Dietrich de Velsa zeigt in seinem aus kunstvollen Einstellungen komponierten Film ausnahmslos jugendlich schöne Männer in ihrem sexuellen Begehren und in ihrer verzehrenden Lust, beim zärtlichen, fast unschuldig anmutenden Liebesspiel und in ekstatischen Orgien. Er inszeniert ihre Begegnungen an halböffentlichen Orten, die den Zuschauer-Voyeur zum Komplizen der durch Rahmungen distanzierten Voyeure im Bild machen. So werden Duschen, Umkleidekabinen, Kneipen-Toiletten und Unterführungen zur alltäglichen Bühne einer offenen, freien Sexualität, deren Erfüllung zugleich den Makel der Vergeblichkeit und des Hinfälligen in sich trägt. So scheint in den sehnsüchtigen, fast jenseitigen Blicken der Jünglinge die Zeit zwar aufgehoben, doch in ihren lasziv geöffneten Mündern vermischt sich der ätherische Atem des Lebens mit dem dunklen Hauch des Todes. Insofern öffnet sich der Film immer wieder einer Transzendenz, die seine Helden ebenso nährt wie verzehrt.

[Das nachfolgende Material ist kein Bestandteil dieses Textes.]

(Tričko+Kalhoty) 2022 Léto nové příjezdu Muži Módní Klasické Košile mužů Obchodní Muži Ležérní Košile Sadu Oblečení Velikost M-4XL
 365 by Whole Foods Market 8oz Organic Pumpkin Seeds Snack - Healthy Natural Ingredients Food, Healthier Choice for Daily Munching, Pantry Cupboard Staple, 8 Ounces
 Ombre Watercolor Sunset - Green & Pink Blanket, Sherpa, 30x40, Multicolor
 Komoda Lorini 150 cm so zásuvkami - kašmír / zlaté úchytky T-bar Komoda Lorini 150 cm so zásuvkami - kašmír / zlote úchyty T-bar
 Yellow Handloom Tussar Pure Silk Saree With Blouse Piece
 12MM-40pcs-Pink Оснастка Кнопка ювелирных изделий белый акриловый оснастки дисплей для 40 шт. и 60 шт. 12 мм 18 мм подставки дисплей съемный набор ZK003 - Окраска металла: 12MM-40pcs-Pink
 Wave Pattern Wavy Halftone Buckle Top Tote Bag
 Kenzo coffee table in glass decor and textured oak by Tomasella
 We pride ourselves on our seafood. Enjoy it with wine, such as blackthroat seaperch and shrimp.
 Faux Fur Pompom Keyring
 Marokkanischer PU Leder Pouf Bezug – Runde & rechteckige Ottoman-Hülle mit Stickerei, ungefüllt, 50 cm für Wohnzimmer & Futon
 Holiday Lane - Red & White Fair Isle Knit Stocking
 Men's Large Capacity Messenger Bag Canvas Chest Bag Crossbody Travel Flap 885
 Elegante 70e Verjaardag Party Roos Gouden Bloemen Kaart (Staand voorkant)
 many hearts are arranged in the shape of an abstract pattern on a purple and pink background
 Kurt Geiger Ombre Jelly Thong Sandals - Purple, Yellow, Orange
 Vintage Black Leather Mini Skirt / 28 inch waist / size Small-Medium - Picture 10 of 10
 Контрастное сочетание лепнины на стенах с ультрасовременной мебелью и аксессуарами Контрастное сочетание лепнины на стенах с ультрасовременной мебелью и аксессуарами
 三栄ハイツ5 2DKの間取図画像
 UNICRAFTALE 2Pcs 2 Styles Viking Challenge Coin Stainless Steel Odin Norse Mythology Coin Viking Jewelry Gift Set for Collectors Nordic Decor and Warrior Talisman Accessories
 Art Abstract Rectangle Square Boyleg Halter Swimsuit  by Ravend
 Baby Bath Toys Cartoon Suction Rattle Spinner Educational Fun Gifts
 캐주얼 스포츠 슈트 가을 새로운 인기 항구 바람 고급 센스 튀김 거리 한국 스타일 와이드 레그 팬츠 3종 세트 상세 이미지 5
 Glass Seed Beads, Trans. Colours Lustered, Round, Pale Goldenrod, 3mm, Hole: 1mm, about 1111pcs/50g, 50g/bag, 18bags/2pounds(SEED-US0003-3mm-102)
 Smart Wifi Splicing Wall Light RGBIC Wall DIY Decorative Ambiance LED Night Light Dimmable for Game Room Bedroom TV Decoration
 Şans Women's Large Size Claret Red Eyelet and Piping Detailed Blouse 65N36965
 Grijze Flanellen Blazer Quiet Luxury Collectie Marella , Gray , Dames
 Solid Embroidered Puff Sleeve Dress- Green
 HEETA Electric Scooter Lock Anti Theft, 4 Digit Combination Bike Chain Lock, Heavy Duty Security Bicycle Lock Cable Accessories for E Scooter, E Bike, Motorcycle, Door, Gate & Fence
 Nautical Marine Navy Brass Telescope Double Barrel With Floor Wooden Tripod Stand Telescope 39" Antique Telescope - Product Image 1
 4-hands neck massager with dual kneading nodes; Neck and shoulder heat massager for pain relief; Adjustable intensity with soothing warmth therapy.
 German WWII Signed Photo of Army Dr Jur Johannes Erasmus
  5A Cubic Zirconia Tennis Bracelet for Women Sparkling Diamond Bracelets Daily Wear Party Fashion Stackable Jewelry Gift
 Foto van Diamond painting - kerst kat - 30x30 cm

Als Dialektik zwischen An- und Abwesenheit lassen sich auch die Bewegungen der cruisenden Protagonisten im Raum verstehen. Ihre nächtlichen Motorradfahrten, als lange, dynamische Bewegungen inszeniert, suchen lustvoll das Unbekannte und öffnen sich einer unbeschwerten Freiheit. Wie sehr diese, vor allem auch in den Bildern sexuellen Verlangens, mit jugendlicher Unabhängigkeit verknüpft ist, wird wiederholt akzentuiert. Körper, Räume und Gegenstände sind dann regelrecht erotisch beseelt. Die sinnliche Welt kennt kein Außen und ist doch fremd und fern. Einmal sitzt ein Mann mittleren Alters – es könnte in der Logik des Films der Regisseurs sein – allein, schweigsam und scheinbar unbeteiligt in der Ecke einer Bar vor seinem Pastis, während sich wenige Schritte von ihm entfernt die Jungen in ihrer exzessiven, grenzüberschreitenden Lust besudeln. Die vergehende Zeit trennt ihn wie eine ferne Erinnerung von einem unmöglich gewordenen Begehren.